PESCARA. «Mi trovo tra l'incudine e il martello: da un lato la Balfour Beatty impone di non sospendere i lavori, pena una diffida, e dall'altro il coordinamento fa appello all'istruttoria avviata dall'Authority, minaccia il ricorso al Tar e chiede l'interruzione del cantiere». Può essere riassunto con questa espressione di Michele Russo il senso della seconda riunione del tavolo tecnico sul filobus sulla strada parco che si è tenuta ieri pomeriggio in Comune. In questa fase, non stupisce il braccio di ferro a oltranza portato avanti a colpi di pareri legali contrastanti dall'una e dall'altra fazione: dai cittadini contrari alla realizzazione della filovia, con in testa Loredana Di Paola e Maurizio Biondi, supportati dai partiti politici di opposizione, e dalla Gtm, società a capitale pubblico incaricata di attuare e gestire l'intera opera, spalleggiata dalla maggioranza e dalla stazione subappaltante. Per l'occasione la Balfour Beatty ha scomodato un suo rappresentante, Lucio Zecchini, seduto al tavolo assieme alle associazioni, ai capigruppo di destra e sinistra, all'assessore alla Mobilità Berardino Fiorilli e al dirigente della Regione Luciano Di Biase.

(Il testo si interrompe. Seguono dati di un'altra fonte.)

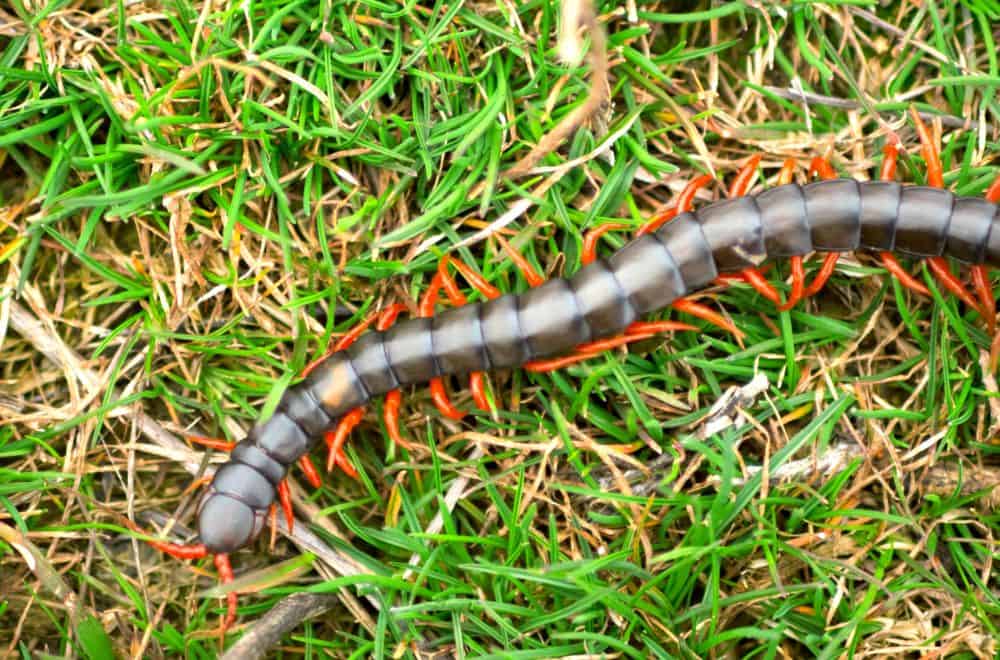 Scolopendra subspinipes 1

Secondo l'avvocato Salvatore Mancuso, lo stesso che ha curato l'esposto all'Autorità per la vigilanza sui contratti pubblici, le procedure di approvazione e autorizzazione del percorso elettrificato, adottate senza la valutazione di impatto ambientale (Via), sono annullabili e, qualora i lavori sulla strada parco dovessero andare avanti, si potrebbe arrivare addirittura alla demolizione delle opere eseguite e al ripristino dello stato dei luoghi a spese della Gtm. Lo studio legale Di Baldassarre, interpellato per conto del presidente Russo, ritiene invece i tempi dell'impugnativa ampiamente scaduti «sia in ragione del tempo trascorso sia della fase avanzata di esecuzione». Si inserisce in questo quadro l'ipotesi messa sul piatto da Aurelio Giammorretti, alla guida del comitato Proposta popolare, che ha ribadito l'importanza di «un collegio legale con pareri vincolanti per rispondere ai quesiti, valutare la sospensione e le proposte alternative, formato da un rappresentante della Gtm, uno del Comune e un altro delle associazioni».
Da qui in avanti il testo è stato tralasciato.